高速対応・高剛性構造の「ハードブローチ盤」(工作機械)と、高精度、長寿命の「ハードブローチ」(精密工具)を組み合わせ、加工システムとしてカスタマーに提供する。そして、焼き入れ時に生じるワークの歪みを高能率に除去するとともに、高精度な仕上げ面を実現する。
また、これまで主流であった研削仕上げ加工を代替し、イニシャル・ランニングコストともに、大幅に低減することが可能となる。
今後、熱処理をともなう多様な高精度部品の加工分野において、ハードブローチ加工システムの市場拡大にとり組む。
1.開発の背景・ねらい
- 高速、高精度、ドライ加工技術の蓄積
- 当社は、工具と工作機械事業を併せもつシナジーを活かし、多彩な加工技術をシステムとして提供している。また、切削油が不要なドライ加工にいち早くとり組み、ドライ加工工具・工作機械のシリーズ化を進めてきた。
- 複雑形状のワークを高精度、高能率に加工するブローチ加工(焼き入れ前)についても、高速・MQL(セミドライ)加工を実用化しており、工具、工作機械とも、世界市場でトップシェアのポジションを確立している。
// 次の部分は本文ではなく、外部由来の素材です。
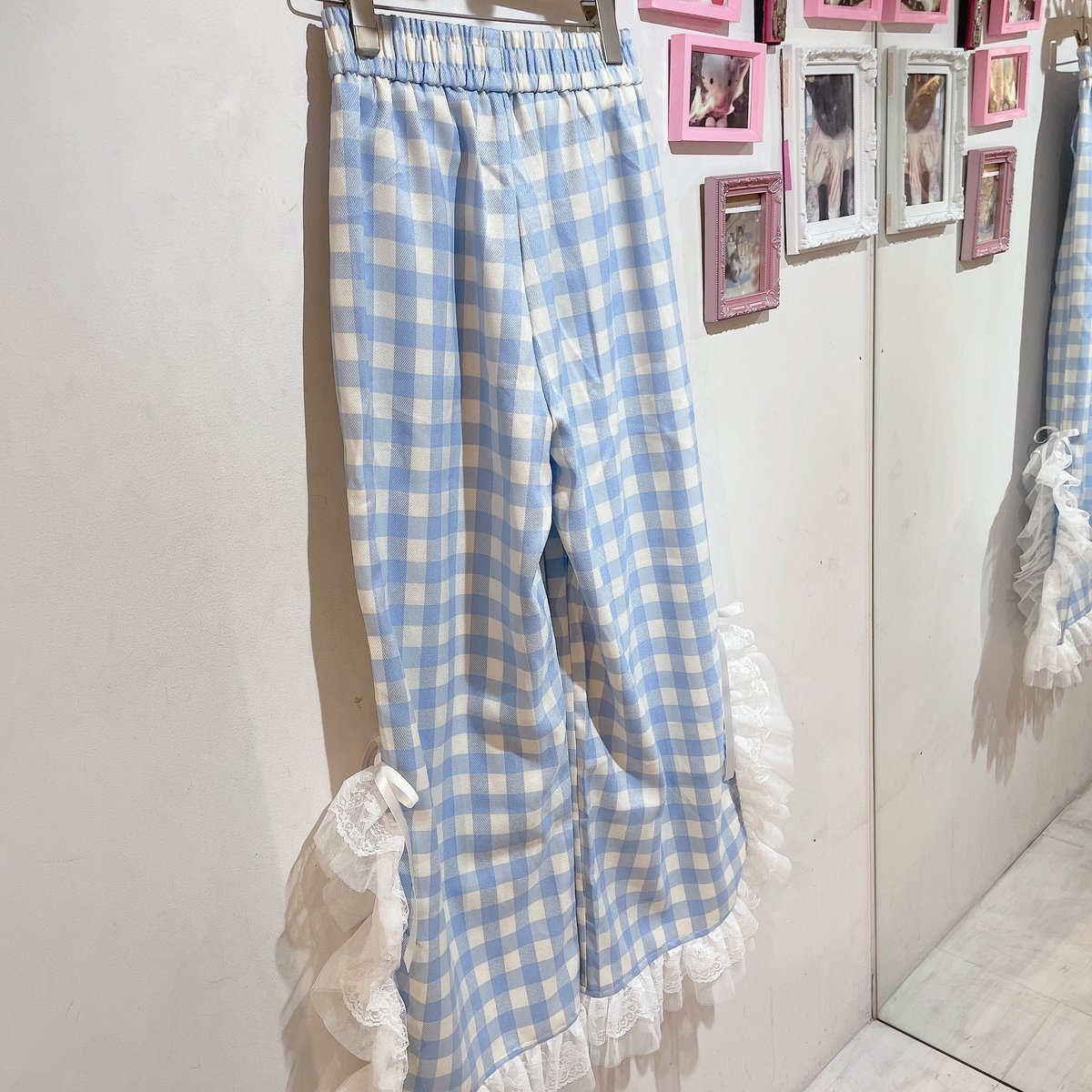 【未使用・タグ付き】trefle+1 ギンガムスリットパンツ パステルギンガムスリットフリルパンツ | Romantic Standard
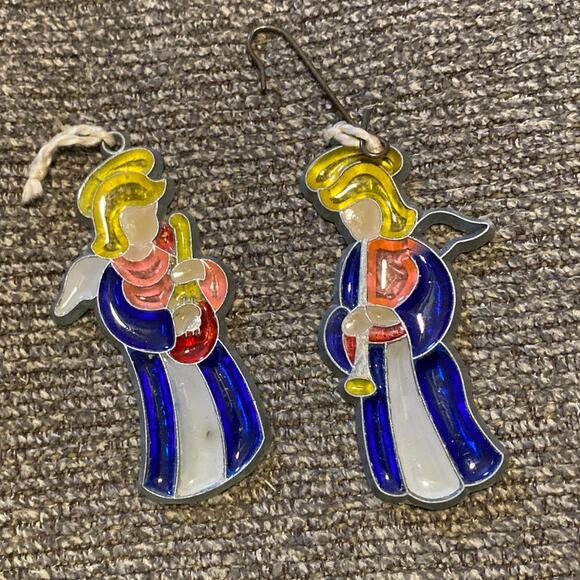 Stained Glass Vintage Ornaments Angels Choir Singing - Candles GiftCo Bundle Lot - Picture 7 of 10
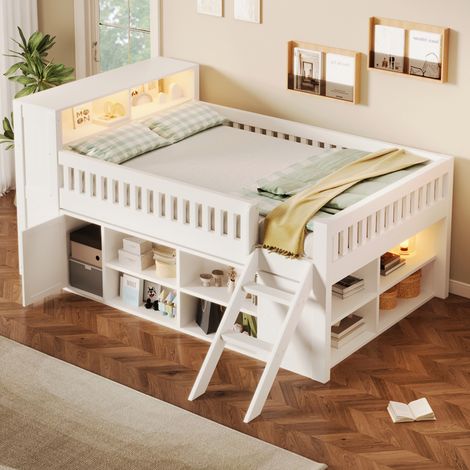Modernluxe - Lit double enfant 140x200 cm - Éclairage LED - Armoire avec porte et compartiments de rangement - MDF+Pin - Blanc (sans matelas) (1/5)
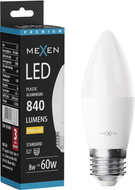 Mexen Nova LED-pirn E27, C37, 8W, Soe - 3000K, 840 lm - L102-E27-0830-01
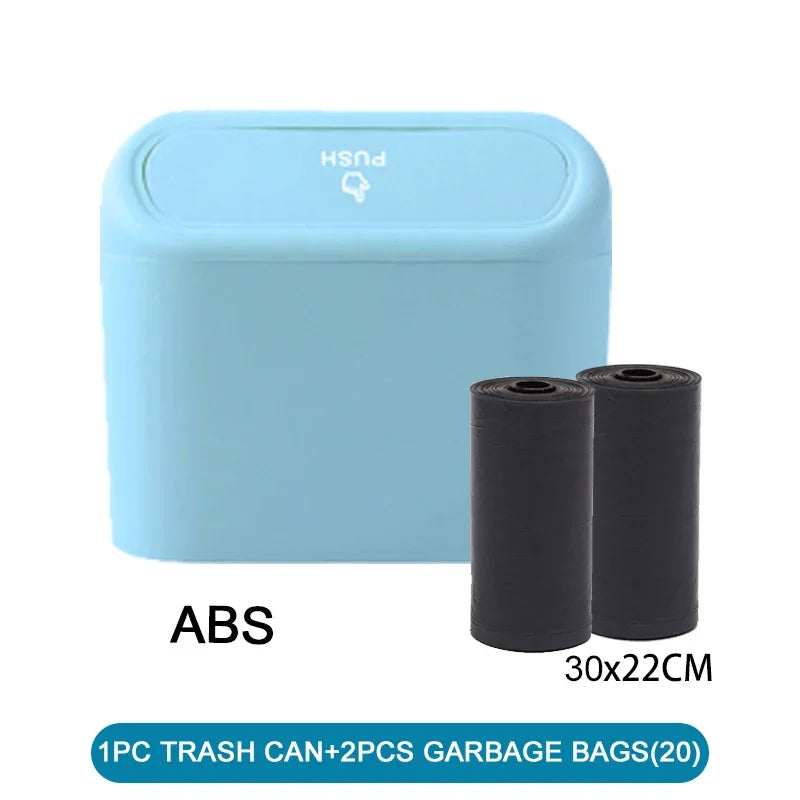 NEW Blue/White Color Car Trash Can (with Lid) Contains 60 (300) Garbage Bags, Small Car Trash Can, Leak-Proof Mini Car Cleaning Accessories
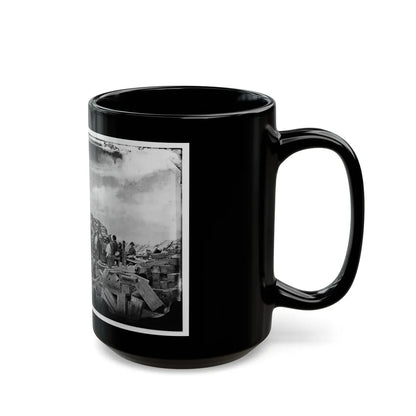Morris Island, South Carolina. Battery Rosecrans. Three 100-Pounder Parrot Rifles. Breaching Battery Against Fort Sumter (U.S. Civil War) Black Coffee Mug-Go Mug Yourself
- 当社の得意とするブローチ加工の市場拡大をすすめる中で、より高精度、高能率が求められる仕上げ加工分野での展開をめざし、ハード加工技術の開発にとり組んできた。
- 自動車業界における部品ニーズの高度化
- 近年、自動車業界では、自動車の快適性の追求(騒音、振動対策など)や、燃費向上などをねらいに、使用部品に対する高精度・高強度化のニーズが一段と高まっている。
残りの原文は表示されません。